Tuesday, December 25, 2007

Taxicab Numbers

Futurama is one of my favorite TV shows. It's the quintessential show about nerds, produced by nerds, for nerds, and it's chock full of inside jokes in math, science, sci-fi and pop culture.

I'm happy to note that although Futurama, the series, was cancelled after the fourth season, the show is back with a set of direct-to-DVD features. The first one, Bender's Big Score, is available now, and includes lecture by Sarah Greenwald as a special feature on the various math jokes that have appeared in the show. Some are silly, like π-in-one oil, or Klein's Beer (in a Klein bottle, of course). Others are subtle, like the repeated appearance of taxicab numbers.

Taxicab numbers are an interesting story in and of themselves. The story comes to us from G. H. Hardy, who was visiting Srinivasa Ramanujan:

I remember once going to see him when he was lying ill at Putney. I had ridden in taxi-cab No. 1729, and remarked that the number seemed to be rather a dull one, and that I hoped it was not an unfavourable omen. "No", he replied, "it is a very interesting number; it is the smallest number expressible as the sum of two [positive] cubes in two different ways."

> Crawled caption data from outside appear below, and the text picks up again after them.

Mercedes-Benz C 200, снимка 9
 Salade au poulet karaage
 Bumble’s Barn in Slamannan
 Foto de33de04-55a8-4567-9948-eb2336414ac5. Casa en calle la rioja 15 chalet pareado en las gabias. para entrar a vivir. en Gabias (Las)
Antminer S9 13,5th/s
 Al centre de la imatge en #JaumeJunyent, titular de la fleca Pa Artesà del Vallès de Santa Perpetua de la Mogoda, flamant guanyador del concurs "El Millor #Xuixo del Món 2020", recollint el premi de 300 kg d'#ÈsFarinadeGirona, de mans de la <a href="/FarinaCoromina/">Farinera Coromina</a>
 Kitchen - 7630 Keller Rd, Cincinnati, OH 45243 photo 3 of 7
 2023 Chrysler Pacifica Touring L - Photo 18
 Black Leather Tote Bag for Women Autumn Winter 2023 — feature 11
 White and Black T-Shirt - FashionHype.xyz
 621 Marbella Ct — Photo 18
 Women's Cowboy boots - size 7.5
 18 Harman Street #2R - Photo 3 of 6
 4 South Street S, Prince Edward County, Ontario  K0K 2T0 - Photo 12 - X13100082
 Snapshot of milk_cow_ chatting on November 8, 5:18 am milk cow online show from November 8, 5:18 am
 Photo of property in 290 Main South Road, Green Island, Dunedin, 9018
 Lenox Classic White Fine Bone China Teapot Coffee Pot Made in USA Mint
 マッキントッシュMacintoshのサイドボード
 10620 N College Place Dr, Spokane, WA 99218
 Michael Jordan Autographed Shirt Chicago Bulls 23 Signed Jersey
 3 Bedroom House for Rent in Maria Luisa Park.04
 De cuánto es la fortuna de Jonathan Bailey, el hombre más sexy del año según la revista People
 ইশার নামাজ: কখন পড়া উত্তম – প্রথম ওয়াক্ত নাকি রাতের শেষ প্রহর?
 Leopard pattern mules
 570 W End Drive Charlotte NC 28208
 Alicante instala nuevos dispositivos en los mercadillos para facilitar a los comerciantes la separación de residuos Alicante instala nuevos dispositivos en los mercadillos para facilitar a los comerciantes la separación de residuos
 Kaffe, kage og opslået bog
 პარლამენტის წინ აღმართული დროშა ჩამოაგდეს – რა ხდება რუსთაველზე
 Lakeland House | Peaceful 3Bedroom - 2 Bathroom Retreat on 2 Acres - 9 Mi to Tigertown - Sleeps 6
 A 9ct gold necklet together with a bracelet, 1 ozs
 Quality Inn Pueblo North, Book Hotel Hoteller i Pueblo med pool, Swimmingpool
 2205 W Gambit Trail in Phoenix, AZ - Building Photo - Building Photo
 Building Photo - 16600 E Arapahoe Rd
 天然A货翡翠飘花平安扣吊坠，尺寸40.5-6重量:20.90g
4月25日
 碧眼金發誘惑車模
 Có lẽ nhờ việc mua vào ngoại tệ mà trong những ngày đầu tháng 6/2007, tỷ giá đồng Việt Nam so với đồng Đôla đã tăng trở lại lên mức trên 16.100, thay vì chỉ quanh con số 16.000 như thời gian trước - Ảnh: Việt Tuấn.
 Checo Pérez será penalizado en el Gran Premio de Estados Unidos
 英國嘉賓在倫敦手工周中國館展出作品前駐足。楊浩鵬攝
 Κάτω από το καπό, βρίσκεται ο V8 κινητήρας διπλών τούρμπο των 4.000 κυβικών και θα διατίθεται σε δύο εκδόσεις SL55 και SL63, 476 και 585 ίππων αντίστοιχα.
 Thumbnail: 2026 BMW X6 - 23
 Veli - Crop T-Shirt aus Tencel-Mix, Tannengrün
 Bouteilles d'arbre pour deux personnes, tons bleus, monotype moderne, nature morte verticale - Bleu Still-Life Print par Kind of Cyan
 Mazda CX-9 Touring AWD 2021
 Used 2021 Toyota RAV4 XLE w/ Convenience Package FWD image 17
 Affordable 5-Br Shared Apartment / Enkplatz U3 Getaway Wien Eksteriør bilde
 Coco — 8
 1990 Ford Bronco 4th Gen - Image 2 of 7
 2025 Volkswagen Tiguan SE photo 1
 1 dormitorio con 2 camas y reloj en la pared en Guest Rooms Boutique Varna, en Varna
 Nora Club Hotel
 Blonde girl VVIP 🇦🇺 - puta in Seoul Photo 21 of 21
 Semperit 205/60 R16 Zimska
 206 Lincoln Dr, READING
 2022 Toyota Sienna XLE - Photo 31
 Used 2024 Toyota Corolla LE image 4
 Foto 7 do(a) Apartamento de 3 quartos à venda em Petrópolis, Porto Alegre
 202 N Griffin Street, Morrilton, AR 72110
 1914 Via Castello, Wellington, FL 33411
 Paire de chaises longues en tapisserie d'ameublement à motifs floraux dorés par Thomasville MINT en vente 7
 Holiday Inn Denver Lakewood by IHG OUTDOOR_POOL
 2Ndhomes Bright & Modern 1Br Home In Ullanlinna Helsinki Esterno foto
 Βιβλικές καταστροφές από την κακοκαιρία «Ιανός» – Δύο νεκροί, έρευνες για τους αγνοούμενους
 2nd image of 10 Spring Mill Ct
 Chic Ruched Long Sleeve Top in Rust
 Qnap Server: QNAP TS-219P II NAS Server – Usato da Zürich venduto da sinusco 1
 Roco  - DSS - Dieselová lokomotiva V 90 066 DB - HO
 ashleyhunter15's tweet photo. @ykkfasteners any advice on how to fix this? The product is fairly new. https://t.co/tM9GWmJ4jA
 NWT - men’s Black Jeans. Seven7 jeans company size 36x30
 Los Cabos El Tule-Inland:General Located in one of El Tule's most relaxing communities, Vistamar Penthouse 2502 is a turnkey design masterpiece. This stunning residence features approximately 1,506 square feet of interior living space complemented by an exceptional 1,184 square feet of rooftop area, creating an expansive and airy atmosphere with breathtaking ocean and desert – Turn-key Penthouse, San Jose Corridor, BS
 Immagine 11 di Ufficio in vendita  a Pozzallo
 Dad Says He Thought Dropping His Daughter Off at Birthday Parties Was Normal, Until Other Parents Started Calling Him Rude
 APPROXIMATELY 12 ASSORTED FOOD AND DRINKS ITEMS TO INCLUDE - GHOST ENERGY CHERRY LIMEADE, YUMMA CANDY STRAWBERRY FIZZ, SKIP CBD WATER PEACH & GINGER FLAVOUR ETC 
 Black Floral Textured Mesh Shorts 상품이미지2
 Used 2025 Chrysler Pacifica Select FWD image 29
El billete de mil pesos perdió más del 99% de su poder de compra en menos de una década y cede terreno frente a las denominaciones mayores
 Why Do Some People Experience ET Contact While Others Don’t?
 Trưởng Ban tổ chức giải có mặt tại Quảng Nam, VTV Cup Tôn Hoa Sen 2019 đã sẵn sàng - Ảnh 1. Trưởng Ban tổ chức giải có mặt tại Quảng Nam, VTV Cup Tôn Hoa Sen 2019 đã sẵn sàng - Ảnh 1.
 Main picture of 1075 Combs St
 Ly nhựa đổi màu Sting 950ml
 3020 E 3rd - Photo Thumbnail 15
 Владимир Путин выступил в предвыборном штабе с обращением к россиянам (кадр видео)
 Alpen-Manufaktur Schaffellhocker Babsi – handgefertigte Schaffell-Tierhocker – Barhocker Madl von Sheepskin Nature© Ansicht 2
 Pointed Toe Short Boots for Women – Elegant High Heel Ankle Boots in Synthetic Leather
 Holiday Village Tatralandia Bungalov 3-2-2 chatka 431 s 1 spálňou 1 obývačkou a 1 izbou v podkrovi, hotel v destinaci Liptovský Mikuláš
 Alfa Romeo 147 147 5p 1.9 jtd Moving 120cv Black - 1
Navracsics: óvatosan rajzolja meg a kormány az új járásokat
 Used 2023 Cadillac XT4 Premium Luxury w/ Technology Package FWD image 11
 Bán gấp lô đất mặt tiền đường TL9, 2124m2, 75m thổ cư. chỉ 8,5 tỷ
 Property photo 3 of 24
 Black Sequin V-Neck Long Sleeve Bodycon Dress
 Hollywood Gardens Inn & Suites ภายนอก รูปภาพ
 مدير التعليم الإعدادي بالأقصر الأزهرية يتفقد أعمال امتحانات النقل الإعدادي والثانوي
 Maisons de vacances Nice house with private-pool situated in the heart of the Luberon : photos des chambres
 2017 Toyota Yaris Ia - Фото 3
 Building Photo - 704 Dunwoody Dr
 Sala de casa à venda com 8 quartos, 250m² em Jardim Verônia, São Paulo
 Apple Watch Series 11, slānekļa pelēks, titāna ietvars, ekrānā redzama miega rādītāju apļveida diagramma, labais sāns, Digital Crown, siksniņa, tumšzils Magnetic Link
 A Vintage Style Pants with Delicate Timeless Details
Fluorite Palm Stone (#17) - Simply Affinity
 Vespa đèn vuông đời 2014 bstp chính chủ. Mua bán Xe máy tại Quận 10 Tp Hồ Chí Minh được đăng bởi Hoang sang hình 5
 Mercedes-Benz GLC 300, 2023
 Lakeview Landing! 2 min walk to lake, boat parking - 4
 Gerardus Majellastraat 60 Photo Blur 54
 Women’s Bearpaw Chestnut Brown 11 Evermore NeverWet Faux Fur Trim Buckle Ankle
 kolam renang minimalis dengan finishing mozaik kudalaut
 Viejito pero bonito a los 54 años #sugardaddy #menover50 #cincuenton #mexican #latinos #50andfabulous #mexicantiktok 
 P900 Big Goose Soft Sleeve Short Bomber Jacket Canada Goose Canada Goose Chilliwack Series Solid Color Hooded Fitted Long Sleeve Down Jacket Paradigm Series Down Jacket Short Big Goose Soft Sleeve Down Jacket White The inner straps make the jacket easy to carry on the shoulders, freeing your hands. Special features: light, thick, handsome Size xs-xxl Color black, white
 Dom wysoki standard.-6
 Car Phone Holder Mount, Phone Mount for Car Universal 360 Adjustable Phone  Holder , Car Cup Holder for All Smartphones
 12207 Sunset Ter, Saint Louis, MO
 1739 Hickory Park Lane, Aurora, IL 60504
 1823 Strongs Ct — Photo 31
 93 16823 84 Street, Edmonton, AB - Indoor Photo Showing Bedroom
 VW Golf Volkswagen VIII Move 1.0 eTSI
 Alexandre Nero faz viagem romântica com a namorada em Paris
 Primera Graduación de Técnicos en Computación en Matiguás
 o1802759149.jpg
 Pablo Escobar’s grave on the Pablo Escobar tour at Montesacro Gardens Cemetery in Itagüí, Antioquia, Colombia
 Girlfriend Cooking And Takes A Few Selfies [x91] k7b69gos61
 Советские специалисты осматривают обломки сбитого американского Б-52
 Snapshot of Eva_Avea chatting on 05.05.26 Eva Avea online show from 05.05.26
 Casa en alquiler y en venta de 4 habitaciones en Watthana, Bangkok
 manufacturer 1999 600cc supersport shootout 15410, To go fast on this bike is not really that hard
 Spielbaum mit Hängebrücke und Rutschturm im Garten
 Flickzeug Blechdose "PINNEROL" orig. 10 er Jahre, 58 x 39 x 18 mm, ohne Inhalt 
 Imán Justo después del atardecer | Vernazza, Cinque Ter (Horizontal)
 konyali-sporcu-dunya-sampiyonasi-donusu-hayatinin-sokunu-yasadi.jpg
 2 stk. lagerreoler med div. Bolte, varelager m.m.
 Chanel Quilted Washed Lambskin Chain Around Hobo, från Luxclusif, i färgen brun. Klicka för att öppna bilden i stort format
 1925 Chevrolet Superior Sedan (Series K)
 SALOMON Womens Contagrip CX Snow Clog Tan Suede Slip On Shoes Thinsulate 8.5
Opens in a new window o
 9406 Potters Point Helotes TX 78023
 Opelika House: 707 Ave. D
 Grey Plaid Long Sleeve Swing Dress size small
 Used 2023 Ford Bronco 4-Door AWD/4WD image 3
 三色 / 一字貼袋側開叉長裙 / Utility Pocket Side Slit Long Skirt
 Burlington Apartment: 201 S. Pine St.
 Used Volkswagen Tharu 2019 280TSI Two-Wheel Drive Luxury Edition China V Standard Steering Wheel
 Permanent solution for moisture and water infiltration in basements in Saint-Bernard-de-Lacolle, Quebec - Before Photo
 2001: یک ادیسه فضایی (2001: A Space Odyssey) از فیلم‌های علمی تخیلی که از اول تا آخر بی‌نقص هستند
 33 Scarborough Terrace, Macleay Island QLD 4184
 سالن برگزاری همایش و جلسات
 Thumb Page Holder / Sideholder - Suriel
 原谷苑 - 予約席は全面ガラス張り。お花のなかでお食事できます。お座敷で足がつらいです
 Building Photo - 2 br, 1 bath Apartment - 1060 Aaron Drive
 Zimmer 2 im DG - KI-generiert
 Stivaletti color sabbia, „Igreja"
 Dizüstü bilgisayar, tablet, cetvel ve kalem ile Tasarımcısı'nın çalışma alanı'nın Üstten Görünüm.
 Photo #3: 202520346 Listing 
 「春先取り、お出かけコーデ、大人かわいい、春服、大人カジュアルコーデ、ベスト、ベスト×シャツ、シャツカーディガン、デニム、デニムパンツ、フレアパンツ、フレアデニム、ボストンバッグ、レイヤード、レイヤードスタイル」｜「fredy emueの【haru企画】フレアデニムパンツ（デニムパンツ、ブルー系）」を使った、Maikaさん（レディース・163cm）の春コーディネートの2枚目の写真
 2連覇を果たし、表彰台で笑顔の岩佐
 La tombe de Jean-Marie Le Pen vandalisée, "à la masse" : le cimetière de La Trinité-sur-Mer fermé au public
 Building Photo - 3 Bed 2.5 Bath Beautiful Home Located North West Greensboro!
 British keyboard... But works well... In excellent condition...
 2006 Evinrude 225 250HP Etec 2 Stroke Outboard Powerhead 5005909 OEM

Many of the staff involved in creating Futurama received advanced degrees in math, computer science and physics, so they enjoy making these obscure references, because they know their fans will find them. It shouldn't be surprising that the number 1729 makes many appearances in Futurama, or that the value 87539319 appears as an actuall taxicab number (87539319 is the sum of 2 cubes in 3 different ways).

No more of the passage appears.